*Exercise objective:* In this exercise, print only the lines from the line with "Photo 5 of Residential" to the last line of the data below, inclusive. Any pictures should be left out.

⟨

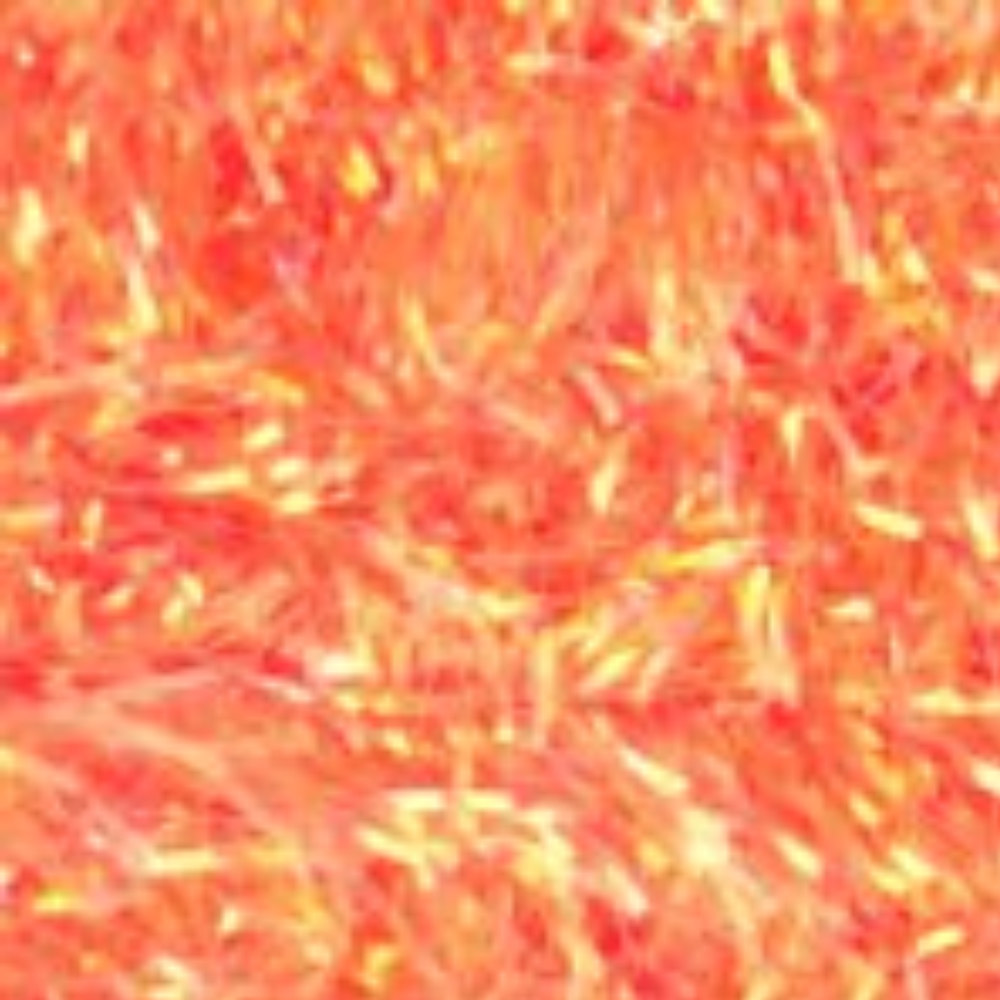 Crystal Cactus Chenille 10 mm Textreme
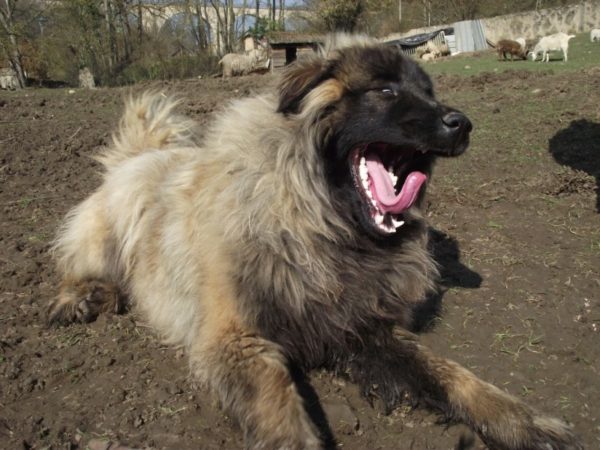 Estrel Shepherd bâille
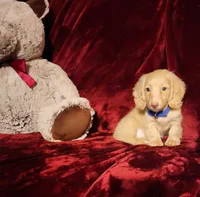 HUDSON, a male Miniature Dachshund for sale in Polk City, FL – Photo 10 of 10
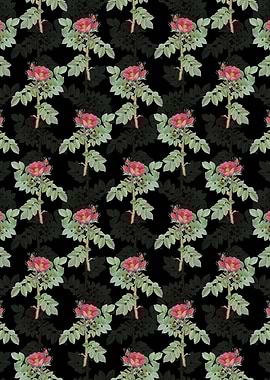 Kamtschatka Rose Pattern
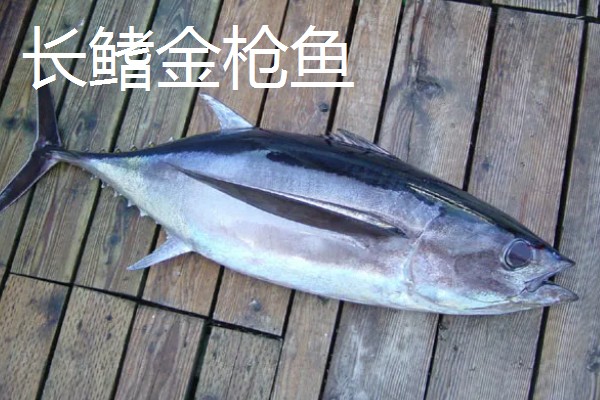 金枪鱼有什么品种,分为青甘金枪鱼、长鳍金枪鱼等种类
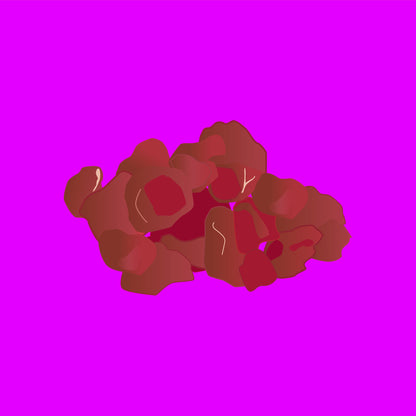 Wild venison casserole meat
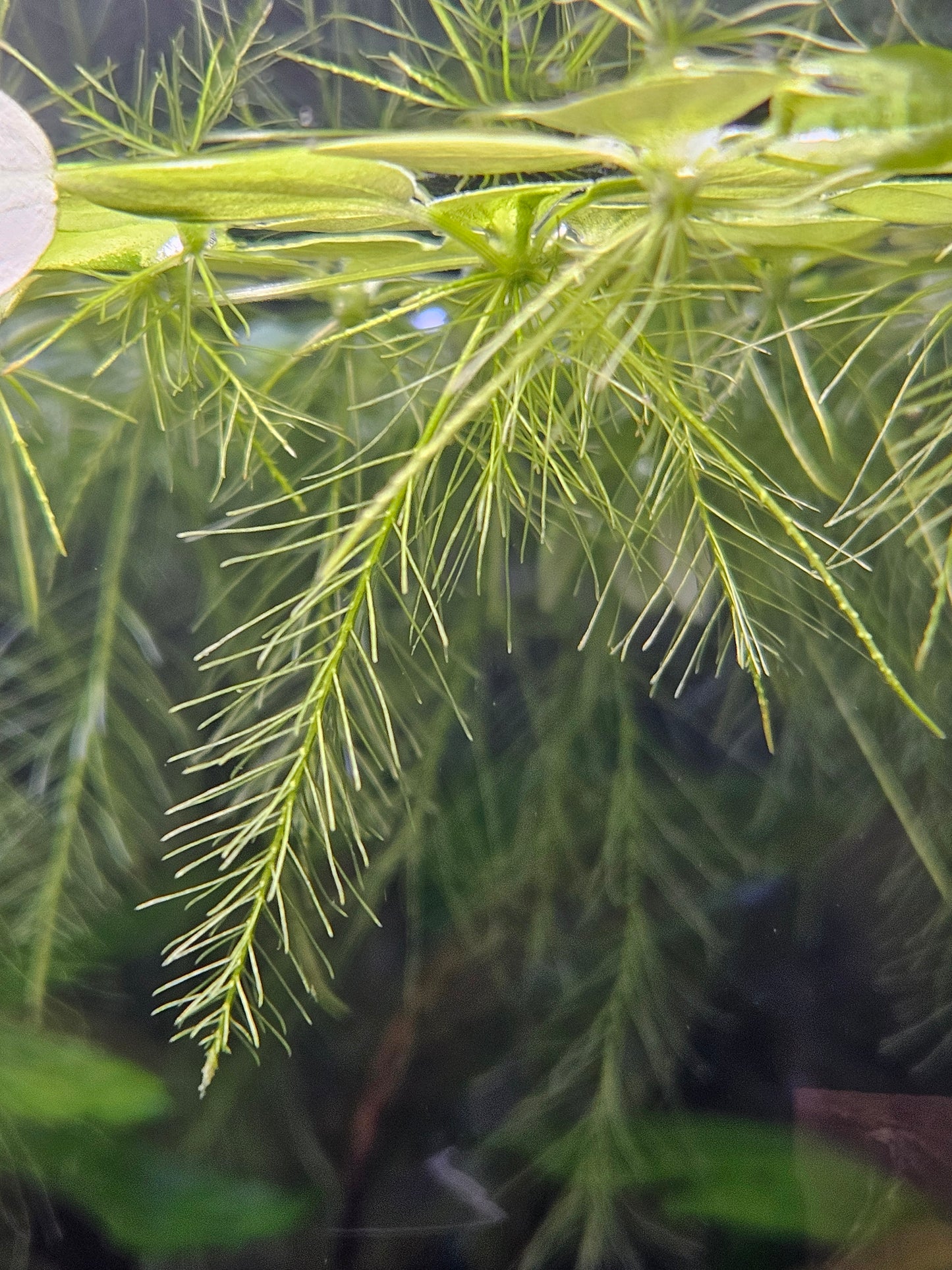 Dwarf Water Lettuce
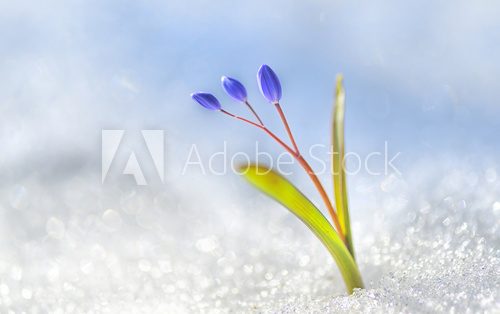Fototapeta Krokus kwiat wiosny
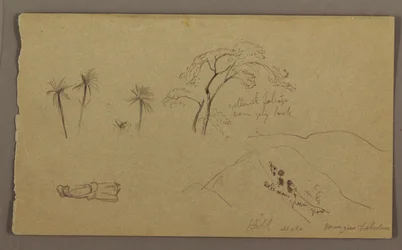 Kresba, botanické skici, figura, květen-srpen 1865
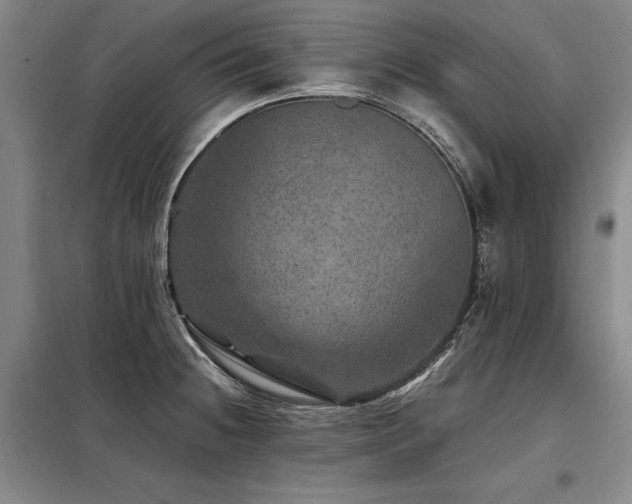 X0000098151236200804171604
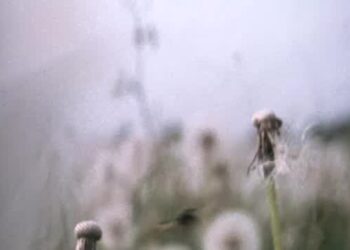 The Diving Bell and the Butterfly: Book vs. Film - Summary & Analysis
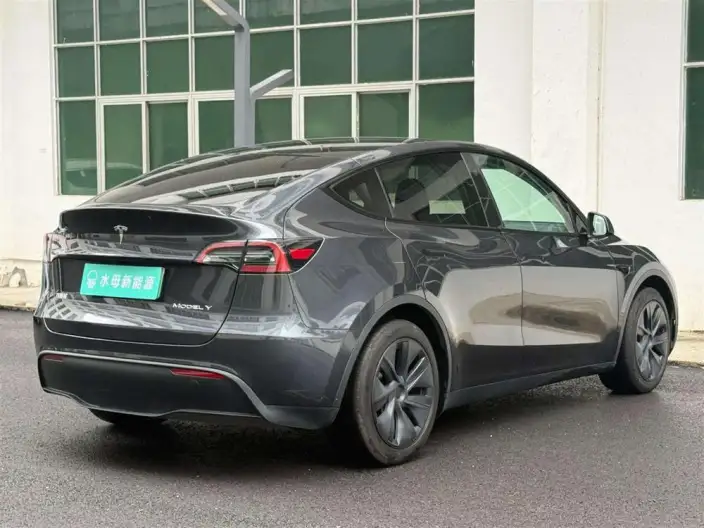 Model Y 2024 Model Rear-wheel drive version – фото 6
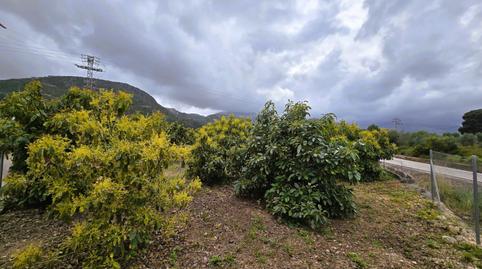 Photo 5 of Residential for sale in Pego, Alicante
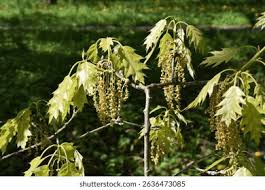 Attēlu rezultāti vaicājumam “Quercus rubra flower”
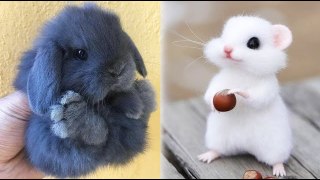 Cute baby animals Videos Compilation cute moment of the animals #10 | HaHa Animals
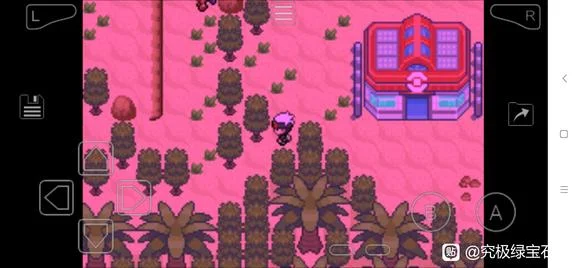 口袋妖怪究极绿宝石5.5下盘踢技能获取地点_DD220游戏联盟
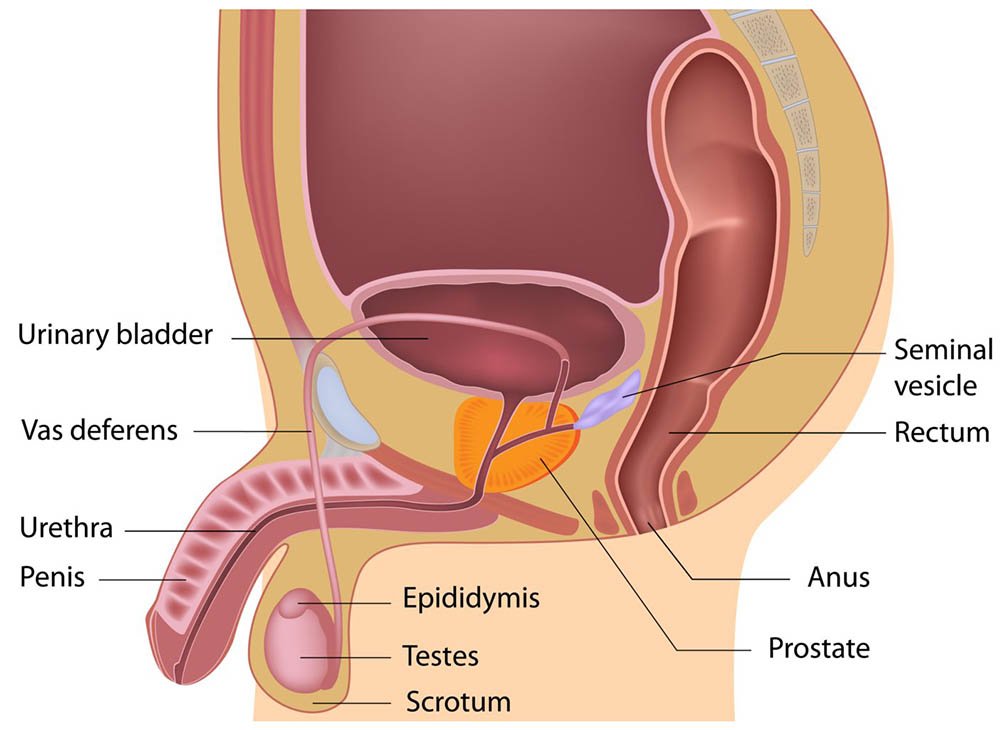 male and female reproductive organs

⟩

*Solution to the problem:*
 Photo 5 of Residential for sale in Pego, Alicante
 Attēlu rezultāti vaicājumam “Quercus rubra flower”
 Cute baby animals Videos Compilation cute moment of the animals #10 | HaHa Animals
 口袋妖怪究极绿宝石5.5下盘踢技能获取地点_DD220游戏联盟
 male and female reproductive organs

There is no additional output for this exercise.